Die schlechten Bedingungen an Orten wie Bihac ertragen die Menschen nur in der Hoffnung auf Asyl in der EU. Genau dieses Menschenrecht wird ihnen an vielen Grenzen tagtäglich verwehrt. Die Art und Weise, auf die der Bruch der Menschenrechtscharta passiert, macht ihn noch um einiges grausamer. Sogenannte Pushbacks, das gewaltvolle Zurückdrängen von Migranten zurück jenseits der Grenzen der EU, werden von der Polizei immer wieder verübt. „The Game“ nennen die Flüchtlinge den lebensgefährlichen neuntägigen Marsch durch unbefestigte Waldgebiete nach Kroatien zynisch. Sie tragen oft schwere Verletzungen durch auf sie einprügelnden Polizisten davon, wenn sie den Grenzübertritt wagen. Diese Umstände konnten bisher nur an Indizien wie zertrümmerten Ellbogen und den Berichten von Zurückkehrenden festgemacht werden. Nun ist die Lage an der kroatischen Grenze durch eine Kooperation europäischer Mediengruppen mit Videos dokumentiert und bewiesen. Die Bezeichnung der Situation als „Imageschaden“, den die EU-Außenministerin Johansson als Reaktion postuliert, löste bei uns Kopfschütteln und empörte Mienen aus.
Über ein solches Aufbegehren nach ihrem Vortrag werden sich die beiden Referenten vermutlich gefreut haben. Denn ihr Ziel sei es, eine Auseinandersetzung mit dem oft unterrepräsentierten Thema der Migration zu schaffen. So antworteten die beiden auf eine Frage im Anschluss an die Vorstellung ihres Materials. Sie wollen ein Verständnis dafür aufbauen, dass gerade in diesem Moment die Rechte von Menschen an den EU-Außengrenzen verletzt werden; Außengrenzen der Institution, die sich eigentlich für die Bewahrung der Menschenrechte einsetzen will und dafür sogar den Friedensnobelpreis erhalten hat.

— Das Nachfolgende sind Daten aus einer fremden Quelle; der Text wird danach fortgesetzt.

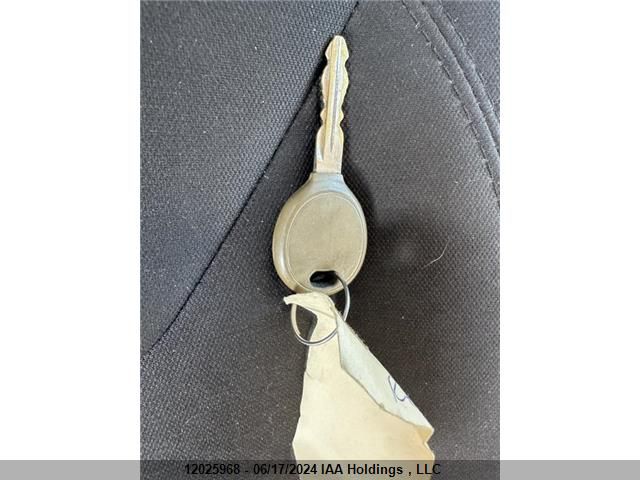 2014 Jeep Tj VIN: 1C4AJWAG8EL315392 Lot: 12025968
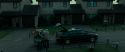 RdM1-Potterish159.jpg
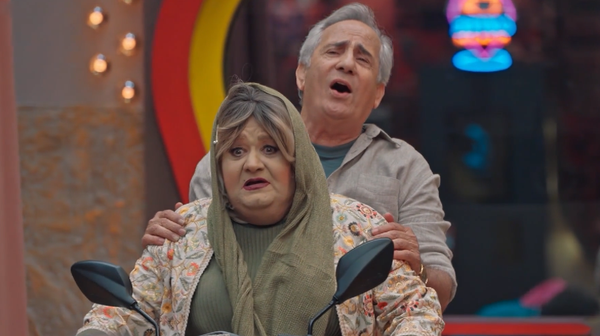 حمایت پرهزینه بانک شهر از ابتذال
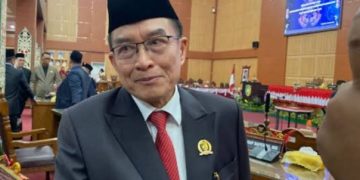 DPRD Palangka Raya minta pemerintah tegas awasi pajak reklame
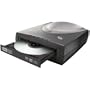 Iomega QUIKTOUCH VIDEO BURNER 16X ( 33067 )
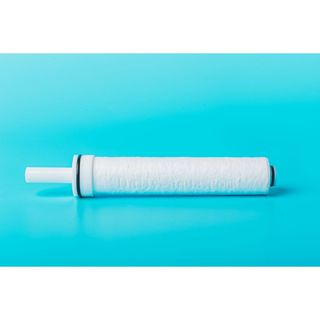 Vòi sen tăng áp lọc nước cao cấp Daily Aqua Đơn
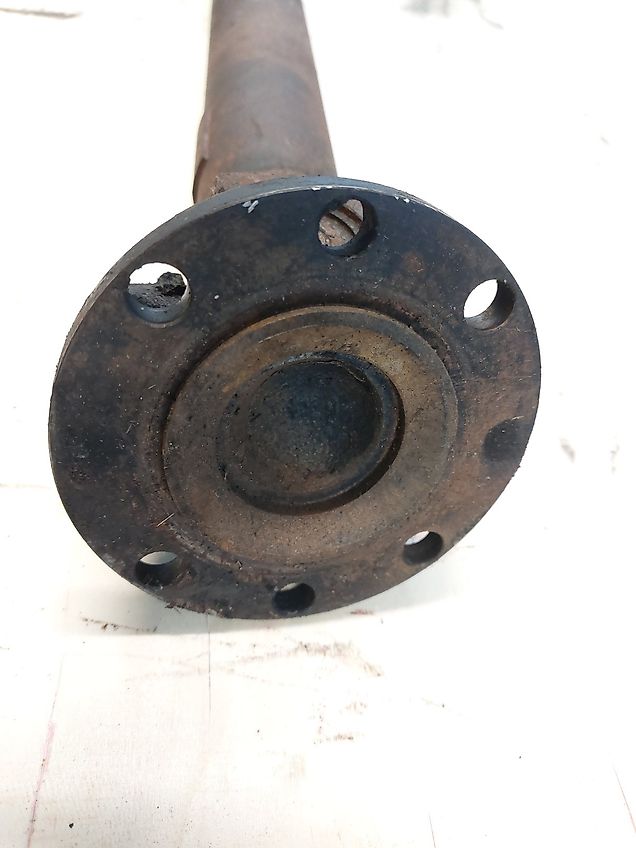 Merlo 30.9 (Spare part/Reservedel/Ersatzteil)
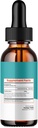 metaburst-ps1000-pure-drops-liquid-suppl-2.jpg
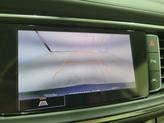 Thumbnail of 2023 Emperor Blue Metallic Buick Enclave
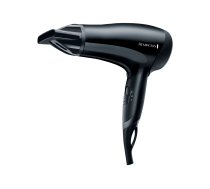 Remington D3010 Power Dry - hairdryer (D3010 Remington)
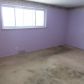 34835 Wurfel St, Clinton Township, MI 48035 ID:12189913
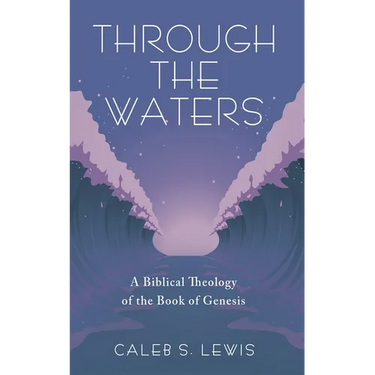 Through the Waters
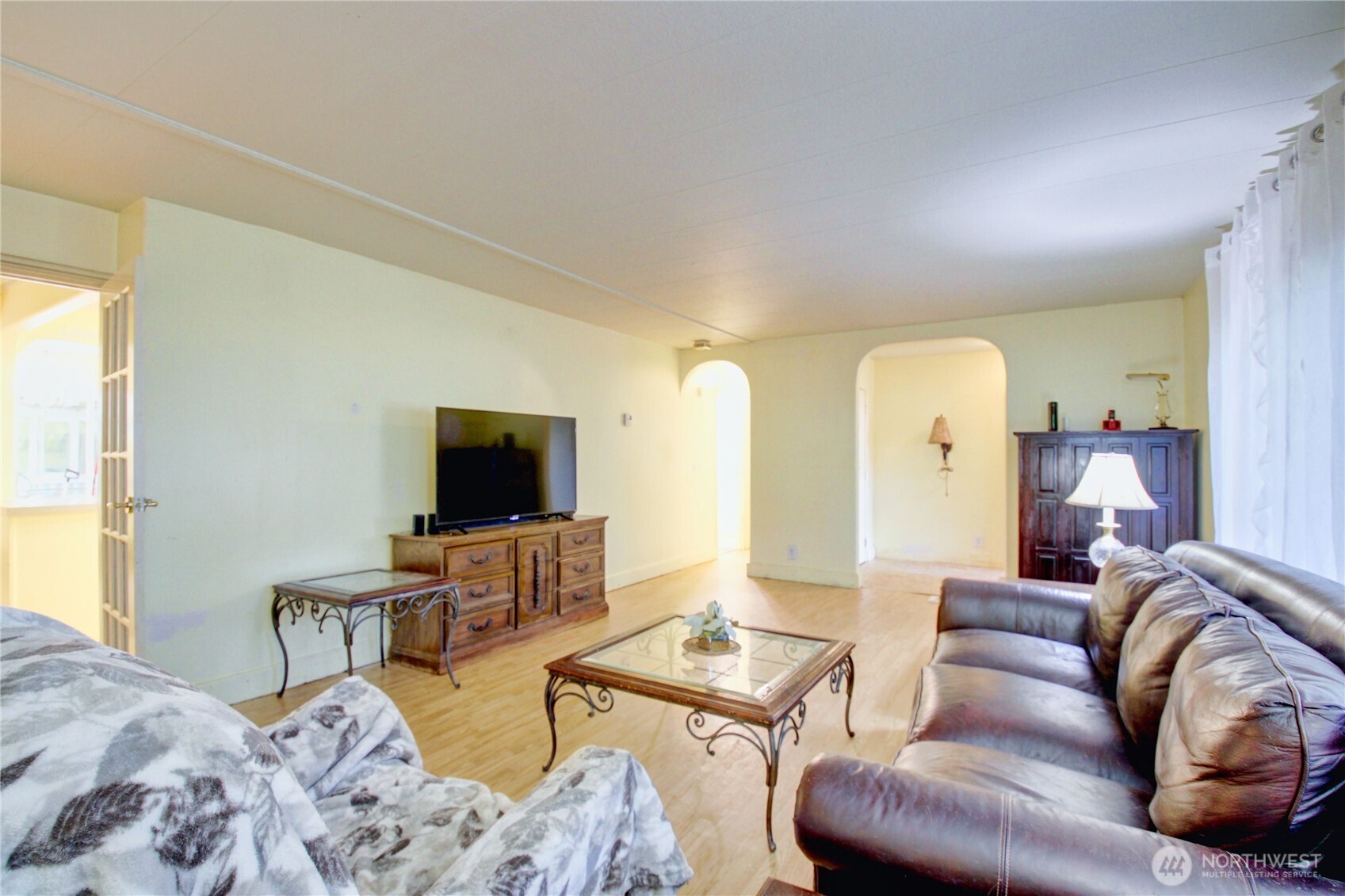 19806 Apostolic Way Property Photo 23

Elena, eine der drei Personen aus den Videoclips, prangert dieses „double-face“ der EU in ihrem Fazit an und verlangt nach einer Änderung der Migrationspolitik. Sie ist immer noch in Bihac, während die beiden jungen Männer es nach Europa geschafft haben. Das erleichterte „I’m happy that I succeeded!“ von Danny macht dennoch Hoffnung nach dem teilweise sehr niederschmetternden Eindruck, den wir in den eineinhalb Stunden von der aktuellen Situation bekamen.

Den Frieden und die Stabilität, die die EU als Institution über Jahre hinweg erreicht hat, gilt es auch weiterhin zu bewahren. Aber: „Die Menschenrechte werden sich eben nicht von selbst erhalten“, ist Sitaras Fazit. Deshalb ist eine Änderung der Migrationspolitik unbedingt nötig.
Ivan und seine Kollegin ermahnen mit ihrem Projekt, sich der Situation der Flüchtlinge an unseren Grenzen bewusst zu werden, sich zu informieren und den eigenen Handlungsspielraum auszunutzen. Und mag er noch so klein sein.